日々考えていることをフランスから発信しています。自分の研究生活に関わる話題が多いですが、時に日常生活雑記も含まれます。

思想的実践としての〈叙景〉― 新古今和歌集の哲学的意味論序説

2014-10-11 19:57:15 | 哲学

 自然を人間世界にとって外なる対象としてその全体を〈自然〉として概念的に把握するという態度は古代日本人には無縁のものであった。とすれば、「日本人の自然観の歴史的展開」などという問題の立て方自体が、西欧から Nature の概念を導入し、それを「自然」と訳したことによって発生した近代的な問題の立て方であり、もちろんそうすることによって日本思想史に通底する問題を浮かび上がらせることができるという効用は認めるとしても、事柄そのものへのこのようなアプローチの仕方によって隠蔽されてしまうその時代固有の心性的事実というものもあるだろう。
 敢えて挑発的な言い方をすれば、万葉人が「見ゆ」「見れど飽かぬ」という表現によって対象化していたものは〈自然〉ではない。

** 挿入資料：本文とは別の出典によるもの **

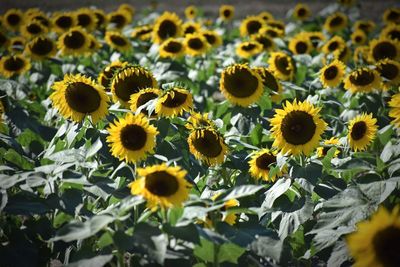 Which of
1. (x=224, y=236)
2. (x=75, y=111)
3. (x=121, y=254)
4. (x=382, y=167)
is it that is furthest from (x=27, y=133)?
(x=382, y=167)

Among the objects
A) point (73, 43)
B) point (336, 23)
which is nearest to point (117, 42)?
point (73, 43)

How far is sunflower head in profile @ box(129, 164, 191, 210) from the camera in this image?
7.79 feet

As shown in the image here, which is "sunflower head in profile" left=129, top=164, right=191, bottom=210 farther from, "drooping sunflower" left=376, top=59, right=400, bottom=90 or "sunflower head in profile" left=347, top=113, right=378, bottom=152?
"drooping sunflower" left=376, top=59, right=400, bottom=90

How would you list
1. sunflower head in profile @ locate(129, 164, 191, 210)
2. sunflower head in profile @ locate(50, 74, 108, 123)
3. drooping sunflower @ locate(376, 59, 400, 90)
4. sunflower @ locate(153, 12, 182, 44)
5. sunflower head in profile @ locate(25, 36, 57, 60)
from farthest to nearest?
sunflower @ locate(153, 12, 182, 44)
sunflower head in profile @ locate(25, 36, 57, 60)
drooping sunflower @ locate(376, 59, 400, 90)
sunflower head in profile @ locate(50, 74, 108, 123)
sunflower head in profile @ locate(129, 164, 191, 210)

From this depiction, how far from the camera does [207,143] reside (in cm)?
322

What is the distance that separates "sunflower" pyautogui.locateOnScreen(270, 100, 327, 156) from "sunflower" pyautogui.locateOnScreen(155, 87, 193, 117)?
55 cm

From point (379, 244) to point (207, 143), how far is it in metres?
1.36

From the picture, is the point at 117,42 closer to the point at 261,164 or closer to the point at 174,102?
the point at 174,102

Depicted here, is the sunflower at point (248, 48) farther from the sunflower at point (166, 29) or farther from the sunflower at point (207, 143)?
the sunflower at point (207, 143)

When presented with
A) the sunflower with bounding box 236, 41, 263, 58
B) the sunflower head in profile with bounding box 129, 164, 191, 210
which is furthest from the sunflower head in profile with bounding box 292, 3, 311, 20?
the sunflower head in profile with bounding box 129, 164, 191, 210

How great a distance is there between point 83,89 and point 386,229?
1.93 m

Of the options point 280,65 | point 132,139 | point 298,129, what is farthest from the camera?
point 280,65

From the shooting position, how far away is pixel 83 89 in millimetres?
3303

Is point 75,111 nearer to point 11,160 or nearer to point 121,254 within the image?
point 11,160
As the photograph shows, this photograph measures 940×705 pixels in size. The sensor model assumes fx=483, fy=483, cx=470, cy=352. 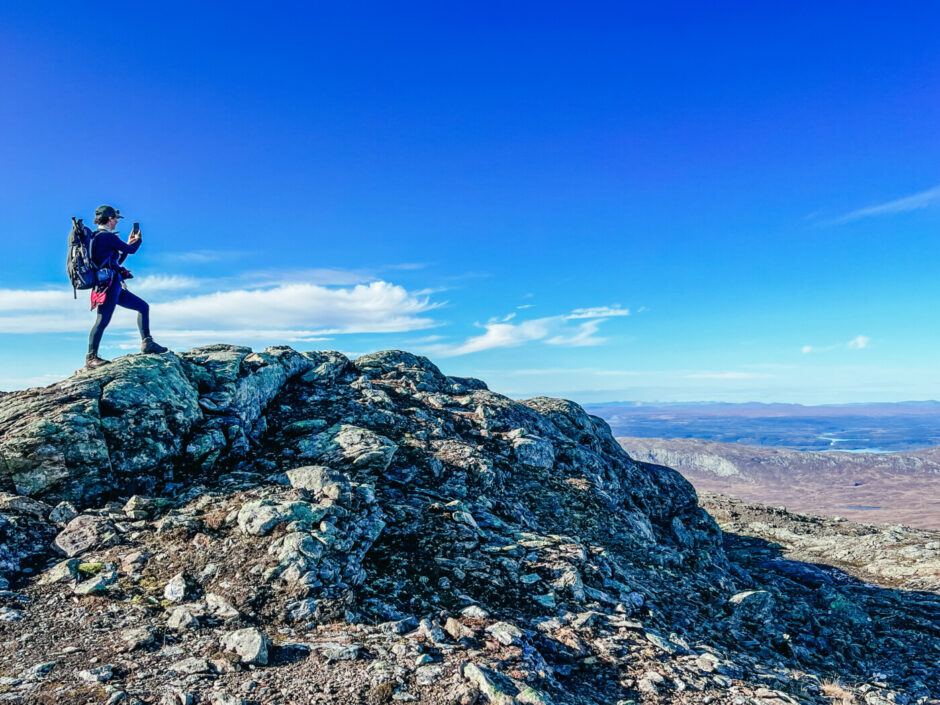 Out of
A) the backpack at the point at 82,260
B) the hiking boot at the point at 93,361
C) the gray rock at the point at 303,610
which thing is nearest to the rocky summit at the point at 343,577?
the gray rock at the point at 303,610

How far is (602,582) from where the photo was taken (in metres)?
12.8

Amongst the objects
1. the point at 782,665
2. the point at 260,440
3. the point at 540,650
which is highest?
the point at 260,440

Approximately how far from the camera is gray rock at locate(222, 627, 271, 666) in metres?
7.92

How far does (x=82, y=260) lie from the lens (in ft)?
49.4

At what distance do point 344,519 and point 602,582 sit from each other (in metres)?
6.95

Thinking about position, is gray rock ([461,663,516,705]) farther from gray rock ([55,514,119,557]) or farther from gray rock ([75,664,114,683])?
gray rock ([55,514,119,557])

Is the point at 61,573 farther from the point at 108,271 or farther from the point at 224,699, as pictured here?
the point at 108,271

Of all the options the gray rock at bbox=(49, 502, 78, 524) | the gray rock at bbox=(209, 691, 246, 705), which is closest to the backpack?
the gray rock at bbox=(49, 502, 78, 524)

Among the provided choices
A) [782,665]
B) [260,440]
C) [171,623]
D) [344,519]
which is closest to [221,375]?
[260,440]

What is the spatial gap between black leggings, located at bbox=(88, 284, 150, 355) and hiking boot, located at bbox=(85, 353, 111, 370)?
101 mm

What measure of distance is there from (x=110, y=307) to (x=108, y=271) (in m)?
1.14

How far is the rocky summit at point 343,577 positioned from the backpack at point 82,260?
107 inches

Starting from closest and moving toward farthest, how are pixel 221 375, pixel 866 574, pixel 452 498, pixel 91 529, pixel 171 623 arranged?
pixel 171 623 < pixel 91 529 < pixel 452 498 < pixel 221 375 < pixel 866 574

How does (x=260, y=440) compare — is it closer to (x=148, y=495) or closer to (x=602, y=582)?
(x=148, y=495) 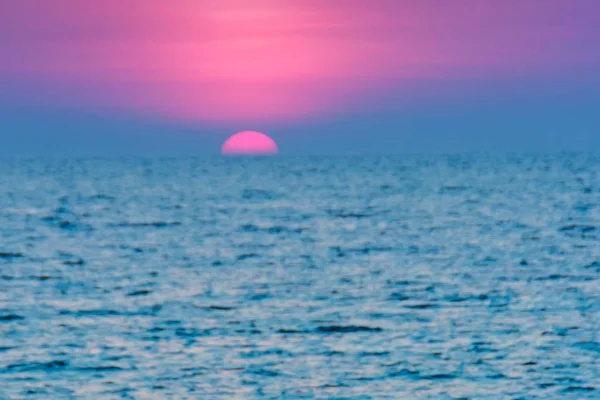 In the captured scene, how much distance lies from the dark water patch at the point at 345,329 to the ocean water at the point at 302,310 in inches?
1.9

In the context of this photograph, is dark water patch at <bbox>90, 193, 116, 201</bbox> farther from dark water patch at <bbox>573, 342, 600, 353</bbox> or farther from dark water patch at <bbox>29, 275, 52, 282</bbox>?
dark water patch at <bbox>573, 342, 600, 353</bbox>

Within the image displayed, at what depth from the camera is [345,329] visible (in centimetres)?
2472

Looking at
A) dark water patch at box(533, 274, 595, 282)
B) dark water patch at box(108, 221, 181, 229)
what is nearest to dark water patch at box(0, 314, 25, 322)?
dark water patch at box(533, 274, 595, 282)

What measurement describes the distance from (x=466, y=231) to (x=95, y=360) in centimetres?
3109

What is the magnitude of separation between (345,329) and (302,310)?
2817mm

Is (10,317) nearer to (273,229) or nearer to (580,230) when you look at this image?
(273,229)

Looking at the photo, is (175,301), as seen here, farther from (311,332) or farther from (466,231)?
Result: (466,231)

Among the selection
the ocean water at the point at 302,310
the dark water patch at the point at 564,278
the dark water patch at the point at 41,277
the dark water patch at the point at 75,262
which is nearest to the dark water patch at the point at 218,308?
the ocean water at the point at 302,310

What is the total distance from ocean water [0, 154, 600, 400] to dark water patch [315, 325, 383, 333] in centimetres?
5

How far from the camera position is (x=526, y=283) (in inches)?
1266

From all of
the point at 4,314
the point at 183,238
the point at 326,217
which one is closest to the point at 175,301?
the point at 4,314

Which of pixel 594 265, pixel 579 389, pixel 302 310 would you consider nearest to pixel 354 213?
pixel 594 265

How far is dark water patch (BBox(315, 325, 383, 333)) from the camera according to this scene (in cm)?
2456

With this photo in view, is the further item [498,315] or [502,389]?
[498,315] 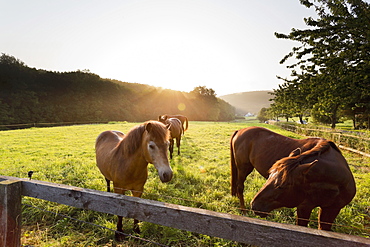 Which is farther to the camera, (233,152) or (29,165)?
(29,165)

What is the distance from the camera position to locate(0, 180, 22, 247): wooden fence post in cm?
183

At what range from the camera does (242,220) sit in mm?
1286

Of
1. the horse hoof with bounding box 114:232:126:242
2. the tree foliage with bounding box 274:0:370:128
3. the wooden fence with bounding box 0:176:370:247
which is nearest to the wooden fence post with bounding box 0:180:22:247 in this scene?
the wooden fence with bounding box 0:176:370:247

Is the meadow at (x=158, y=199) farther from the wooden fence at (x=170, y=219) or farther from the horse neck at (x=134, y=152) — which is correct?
the horse neck at (x=134, y=152)

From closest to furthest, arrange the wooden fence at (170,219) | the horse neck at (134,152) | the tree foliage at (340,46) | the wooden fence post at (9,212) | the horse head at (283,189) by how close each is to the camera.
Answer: the wooden fence at (170,219), the wooden fence post at (9,212), the horse head at (283,189), the horse neck at (134,152), the tree foliage at (340,46)

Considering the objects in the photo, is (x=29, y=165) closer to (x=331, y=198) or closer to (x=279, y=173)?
(x=279, y=173)

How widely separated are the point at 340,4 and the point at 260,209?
7.65m

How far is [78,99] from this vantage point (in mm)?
45250

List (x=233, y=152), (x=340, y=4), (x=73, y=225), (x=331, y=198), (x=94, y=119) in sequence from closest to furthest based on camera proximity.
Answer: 1. (x=331, y=198)
2. (x=73, y=225)
3. (x=233, y=152)
4. (x=340, y=4)
5. (x=94, y=119)

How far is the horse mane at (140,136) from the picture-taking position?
8.55ft

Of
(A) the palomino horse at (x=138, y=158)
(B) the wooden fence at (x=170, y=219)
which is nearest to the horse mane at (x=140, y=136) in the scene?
(A) the palomino horse at (x=138, y=158)

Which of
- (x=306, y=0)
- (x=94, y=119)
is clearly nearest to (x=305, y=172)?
(x=306, y=0)

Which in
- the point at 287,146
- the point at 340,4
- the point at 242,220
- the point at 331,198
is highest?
the point at 340,4

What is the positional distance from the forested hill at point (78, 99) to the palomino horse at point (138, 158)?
1617 inches
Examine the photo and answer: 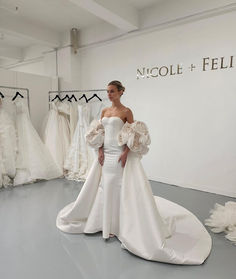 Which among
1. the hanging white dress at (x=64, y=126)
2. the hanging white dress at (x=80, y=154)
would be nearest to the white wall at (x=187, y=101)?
the hanging white dress at (x=80, y=154)

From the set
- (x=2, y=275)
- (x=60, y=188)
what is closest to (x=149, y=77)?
(x=60, y=188)

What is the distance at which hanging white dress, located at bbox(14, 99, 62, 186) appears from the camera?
4090 millimetres

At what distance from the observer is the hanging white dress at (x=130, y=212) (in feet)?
6.24

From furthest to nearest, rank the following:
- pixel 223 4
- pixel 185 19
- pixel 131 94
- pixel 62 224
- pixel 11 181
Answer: pixel 131 94 → pixel 11 181 → pixel 185 19 → pixel 223 4 → pixel 62 224

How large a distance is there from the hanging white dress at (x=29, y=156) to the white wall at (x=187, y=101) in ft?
6.20

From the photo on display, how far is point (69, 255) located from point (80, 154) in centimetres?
261

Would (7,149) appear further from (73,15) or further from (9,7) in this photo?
(73,15)

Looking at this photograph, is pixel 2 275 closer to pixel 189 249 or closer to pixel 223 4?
pixel 189 249

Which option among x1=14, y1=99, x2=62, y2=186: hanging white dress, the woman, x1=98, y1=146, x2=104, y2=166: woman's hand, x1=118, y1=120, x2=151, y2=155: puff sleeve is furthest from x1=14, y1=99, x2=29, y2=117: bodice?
x1=118, y1=120, x2=151, y2=155: puff sleeve

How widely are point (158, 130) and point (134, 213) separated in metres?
2.44

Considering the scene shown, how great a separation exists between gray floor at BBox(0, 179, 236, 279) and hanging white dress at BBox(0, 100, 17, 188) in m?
1.06

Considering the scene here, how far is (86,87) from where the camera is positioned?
5.23m

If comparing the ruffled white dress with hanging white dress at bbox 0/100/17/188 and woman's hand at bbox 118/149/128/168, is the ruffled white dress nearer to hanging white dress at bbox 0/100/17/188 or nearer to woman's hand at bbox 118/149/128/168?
woman's hand at bbox 118/149/128/168

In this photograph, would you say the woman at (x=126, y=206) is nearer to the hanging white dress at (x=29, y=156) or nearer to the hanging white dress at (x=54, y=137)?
the hanging white dress at (x=29, y=156) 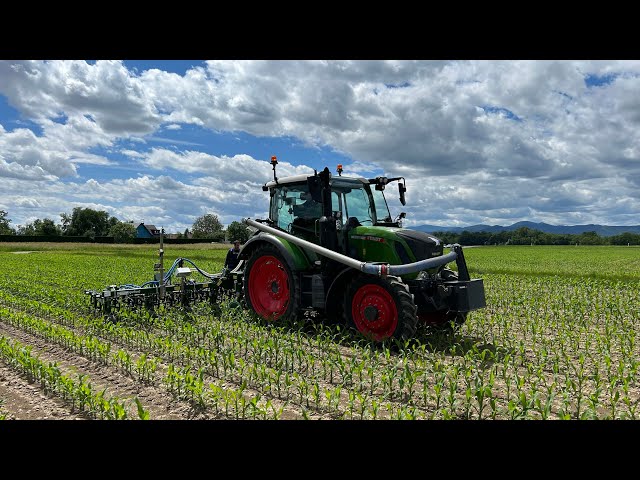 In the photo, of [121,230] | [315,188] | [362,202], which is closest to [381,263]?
[315,188]

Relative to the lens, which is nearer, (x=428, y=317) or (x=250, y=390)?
(x=250, y=390)

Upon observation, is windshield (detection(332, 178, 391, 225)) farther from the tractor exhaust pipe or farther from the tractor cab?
the tractor exhaust pipe

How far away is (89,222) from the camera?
81.3 m

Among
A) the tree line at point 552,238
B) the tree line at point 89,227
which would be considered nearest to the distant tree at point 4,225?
the tree line at point 89,227

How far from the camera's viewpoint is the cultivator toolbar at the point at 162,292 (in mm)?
8492

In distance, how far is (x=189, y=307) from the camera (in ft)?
30.5

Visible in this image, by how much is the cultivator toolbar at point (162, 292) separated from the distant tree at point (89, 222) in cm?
7622

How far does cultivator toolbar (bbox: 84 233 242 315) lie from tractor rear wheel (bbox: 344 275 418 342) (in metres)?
3.16

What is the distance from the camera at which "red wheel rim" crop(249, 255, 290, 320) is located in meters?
7.98

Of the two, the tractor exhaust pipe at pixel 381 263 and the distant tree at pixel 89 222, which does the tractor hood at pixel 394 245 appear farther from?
the distant tree at pixel 89 222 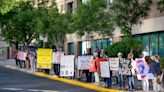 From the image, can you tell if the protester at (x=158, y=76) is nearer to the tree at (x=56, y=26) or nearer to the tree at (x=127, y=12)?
the tree at (x=127, y=12)

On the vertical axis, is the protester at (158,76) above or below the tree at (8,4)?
below

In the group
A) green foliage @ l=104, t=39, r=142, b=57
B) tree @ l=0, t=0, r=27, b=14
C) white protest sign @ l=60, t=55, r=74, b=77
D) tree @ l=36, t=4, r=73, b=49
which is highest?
tree @ l=0, t=0, r=27, b=14

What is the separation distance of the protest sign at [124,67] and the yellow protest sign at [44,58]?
10.2 m

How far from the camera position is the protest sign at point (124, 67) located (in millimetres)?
20745

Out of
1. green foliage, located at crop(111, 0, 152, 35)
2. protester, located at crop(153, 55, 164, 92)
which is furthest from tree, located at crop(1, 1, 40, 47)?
protester, located at crop(153, 55, 164, 92)

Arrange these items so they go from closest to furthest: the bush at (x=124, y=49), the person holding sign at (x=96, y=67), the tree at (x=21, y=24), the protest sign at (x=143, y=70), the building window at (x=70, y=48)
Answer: the protest sign at (x=143, y=70), the person holding sign at (x=96, y=67), the bush at (x=124, y=49), the tree at (x=21, y=24), the building window at (x=70, y=48)

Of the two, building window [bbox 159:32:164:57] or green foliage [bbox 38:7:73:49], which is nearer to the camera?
building window [bbox 159:32:164:57]

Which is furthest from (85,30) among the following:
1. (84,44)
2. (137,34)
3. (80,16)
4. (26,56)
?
(84,44)

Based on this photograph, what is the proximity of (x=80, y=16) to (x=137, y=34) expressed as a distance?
344 inches

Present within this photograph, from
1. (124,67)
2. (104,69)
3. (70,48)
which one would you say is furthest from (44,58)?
(70,48)

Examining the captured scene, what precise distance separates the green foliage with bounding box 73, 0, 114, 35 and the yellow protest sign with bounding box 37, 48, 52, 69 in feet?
13.1

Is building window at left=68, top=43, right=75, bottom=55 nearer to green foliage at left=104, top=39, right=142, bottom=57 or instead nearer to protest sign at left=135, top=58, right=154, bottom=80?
green foliage at left=104, top=39, right=142, bottom=57

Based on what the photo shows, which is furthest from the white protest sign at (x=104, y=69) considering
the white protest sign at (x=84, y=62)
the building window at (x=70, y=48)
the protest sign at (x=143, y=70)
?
the building window at (x=70, y=48)

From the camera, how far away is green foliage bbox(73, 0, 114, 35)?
2662cm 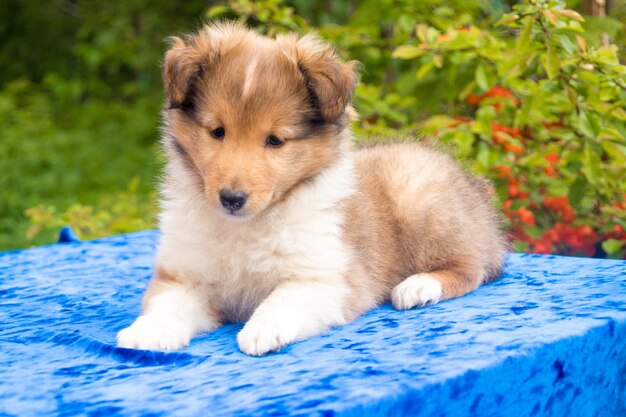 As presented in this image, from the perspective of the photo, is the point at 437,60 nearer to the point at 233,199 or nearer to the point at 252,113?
the point at 252,113

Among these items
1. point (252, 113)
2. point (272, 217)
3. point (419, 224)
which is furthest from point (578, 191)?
point (252, 113)

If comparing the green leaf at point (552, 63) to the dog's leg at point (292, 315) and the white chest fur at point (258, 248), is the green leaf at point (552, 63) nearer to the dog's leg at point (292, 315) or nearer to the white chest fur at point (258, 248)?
the white chest fur at point (258, 248)

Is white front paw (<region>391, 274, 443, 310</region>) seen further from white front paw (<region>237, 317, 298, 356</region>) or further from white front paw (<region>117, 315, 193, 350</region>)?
white front paw (<region>117, 315, 193, 350</region>)

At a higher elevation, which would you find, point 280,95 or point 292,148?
point 280,95

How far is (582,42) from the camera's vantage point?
4.24m

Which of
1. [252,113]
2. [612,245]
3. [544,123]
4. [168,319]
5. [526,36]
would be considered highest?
[526,36]

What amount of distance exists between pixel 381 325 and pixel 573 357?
66 centimetres

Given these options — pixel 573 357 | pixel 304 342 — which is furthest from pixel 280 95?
pixel 573 357

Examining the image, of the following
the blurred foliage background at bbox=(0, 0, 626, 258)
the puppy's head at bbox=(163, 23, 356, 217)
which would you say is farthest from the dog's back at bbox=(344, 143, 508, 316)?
the blurred foliage background at bbox=(0, 0, 626, 258)

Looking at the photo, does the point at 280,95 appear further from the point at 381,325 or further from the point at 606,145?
the point at 606,145

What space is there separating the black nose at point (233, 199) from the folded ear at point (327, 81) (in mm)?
452

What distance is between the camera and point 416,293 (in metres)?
3.24

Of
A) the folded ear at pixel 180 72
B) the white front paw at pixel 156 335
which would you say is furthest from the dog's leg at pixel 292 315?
the folded ear at pixel 180 72

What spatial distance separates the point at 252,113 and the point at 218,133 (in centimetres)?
15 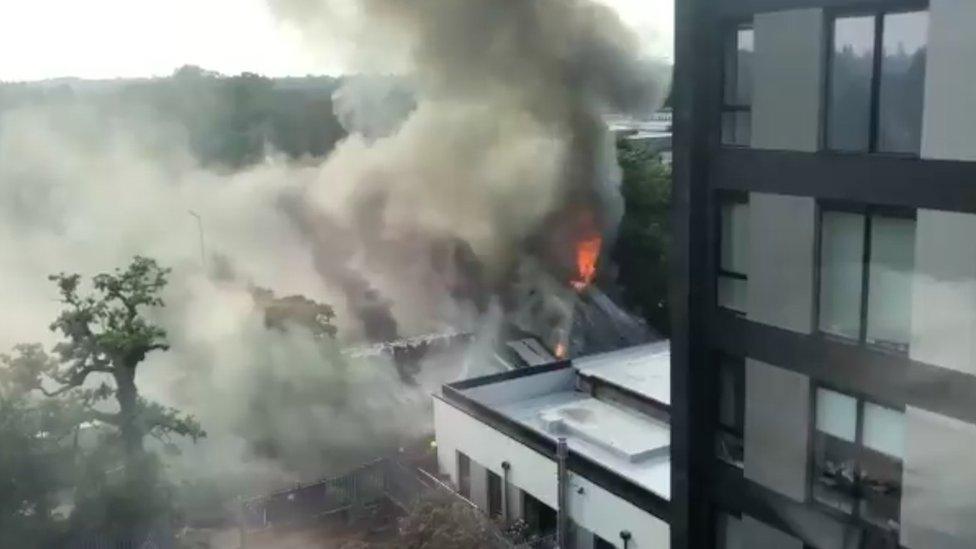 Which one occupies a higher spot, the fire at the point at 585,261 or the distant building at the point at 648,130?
the distant building at the point at 648,130

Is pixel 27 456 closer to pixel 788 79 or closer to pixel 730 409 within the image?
pixel 730 409

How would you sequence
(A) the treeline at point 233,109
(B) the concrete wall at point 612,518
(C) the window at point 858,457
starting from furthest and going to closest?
(A) the treeline at point 233,109
(B) the concrete wall at point 612,518
(C) the window at point 858,457

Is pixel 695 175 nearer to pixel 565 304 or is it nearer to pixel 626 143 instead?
pixel 565 304

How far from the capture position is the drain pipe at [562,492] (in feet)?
29.0

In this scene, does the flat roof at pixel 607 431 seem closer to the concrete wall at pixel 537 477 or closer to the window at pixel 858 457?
the concrete wall at pixel 537 477

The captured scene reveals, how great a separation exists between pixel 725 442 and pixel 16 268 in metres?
13.4

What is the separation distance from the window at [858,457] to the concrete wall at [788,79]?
4.04 feet

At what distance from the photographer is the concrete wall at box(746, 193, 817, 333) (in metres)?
4.32

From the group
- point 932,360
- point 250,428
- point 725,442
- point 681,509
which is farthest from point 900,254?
point 250,428

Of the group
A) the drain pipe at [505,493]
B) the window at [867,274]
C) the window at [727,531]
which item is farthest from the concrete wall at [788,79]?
the drain pipe at [505,493]

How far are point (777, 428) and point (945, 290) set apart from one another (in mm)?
1193

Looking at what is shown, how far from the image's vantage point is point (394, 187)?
663 inches

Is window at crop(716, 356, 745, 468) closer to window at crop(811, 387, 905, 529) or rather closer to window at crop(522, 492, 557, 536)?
window at crop(811, 387, 905, 529)

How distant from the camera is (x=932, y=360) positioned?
12.8 feet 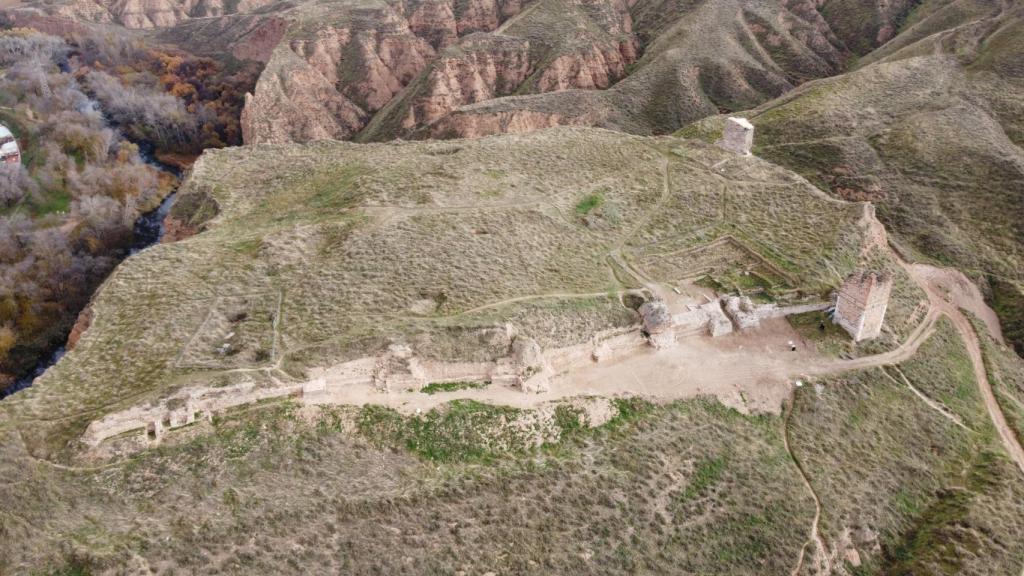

それは端的に眼前に立ち現れる有情の空・山・川・海・草・木・花などの風光の中の佇まいであり、それが取りも直さず彼らの心の佇まいに他ならなかったと見るほうがずっと彼らの生きていた真実に近いのではないかと私は思う。
 しかも、それらの自然の光景はそれぞれに同一性をもった実体的構成要素からなる現象として分析的に知解されていたのでもなく、万有あるいは宇宙というような全体的存在として抽象的に思惟されていたのでもなく、「自ずから然り」の具現として見られていたのだと思う。その自ずからそのように立ち現れるものにそれとしてその都度感応するところに〈歌〉が生まれたのではないだろうか。
 万葉集に数多く見られる「見ゆ」「見れど飽かぬ」という表現が古今和歌集では消失してしまうことについはこのブログの別の記事ですでに言及した。では、「見ゆ」に代わって古今集に頻出する動詞は何か。それは「思ふ」である。そこに私たちは、「見ゆ」から「思ふ」への詩的感受性の移行、自分が見ようと思って見るのではなく、そこに自ずと見えるものとして立ち現れるものに唱和することでその見えるものとともに生きようとする万葉的感性から、我が心のうちに思うことへと注意が内向し、自然の風光が思いのうちへと内包され、思いこそ最も身近な現実として自覚される古今的感性への移行を見て取ることができる。
 そして、この思いの表現の工夫が散々尽くされ、人間社会の争乱を通じて人心の儚さ頼りなさを嘗め尽くした後に登場するのが定家に代表される新古今的感性である。逆説的な言い方を敢えてすれば、その感受性は、新古今集に最多の九十四首が収められている西行の感受性とも違う。出家し、都を離れ、山里を求め、花と月とをこよなく愛する西行的志向性とは違い、治承四年(一一八〇年)十八歳にして書き始め、半世紀以上に渡って克明に綴り続けた日記(後世「明月記」と呼ばれるようになるが、本人は「愚記」と呼んでいた)のその最初の年に「世上乱逆追討雖満耳不注之、紅旗征戎非吾事」と書き付けた定家の詩人としての覚悟は、没落してゆく貴族社会を目の当たりにしつつ都に留まり、「和歌の世界の内に幽玄なる別天地を創造する」(『家永三郎集』第一巻一一四頁)ことにあった。
 新古今の叙景歌は、したがって、言うまでもないことだが、万葉のそれとはまったく性格を異にするものであり、そこに詠まれた風光は、「時空の制約を超えて無始無終に縹渺として連る無辺際の実在とも称せられるべきもの」(同書一一五頁)と言うことができるだろう。
 先日の記事では、漱石の『草枕』の解釈について、家永の『日本思想史における宗教的自然観の展開』に対して批判的な言辞を弄したが、同書の新古今の和歌の思想的特性についての分析は鋭い。自然が「現実を超えた一種の形而上的存在に迄高められる」(一一六頁)ことを求めた新古今の和歌についての家永の論述に今少し耳を傾けてみよう。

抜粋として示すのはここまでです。